WHAT YOU NEED TO DO:
Below is a listing; return it in full, exactly as it appears.
____ THE DATA
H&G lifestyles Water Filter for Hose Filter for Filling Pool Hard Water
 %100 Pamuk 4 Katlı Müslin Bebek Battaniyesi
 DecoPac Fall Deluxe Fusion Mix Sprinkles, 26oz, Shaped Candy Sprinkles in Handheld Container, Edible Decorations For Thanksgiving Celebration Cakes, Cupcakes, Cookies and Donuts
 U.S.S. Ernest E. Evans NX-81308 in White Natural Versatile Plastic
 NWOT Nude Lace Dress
________
RESULT OF THIS TASK:
H&G lifestyles Water Filter for Hose Filter for Filling Pool Hard Water
 %100 Pamuk 4 Katlı Müslin Bebek Battaniyesi
 DecoPac Fall Deluxe Fusion Mix Sprinkles, 26oz, Shaped Candy Sprinkles in Handheld Container, Edible Decorations For Thanksgiving Celebration Cakes, Cupcakes, Cookies and Donuts
 U.S.S. Ernest E. Evans NX-81308 in White Natural Versatile Plastic
 NWOT Nude Lace Dress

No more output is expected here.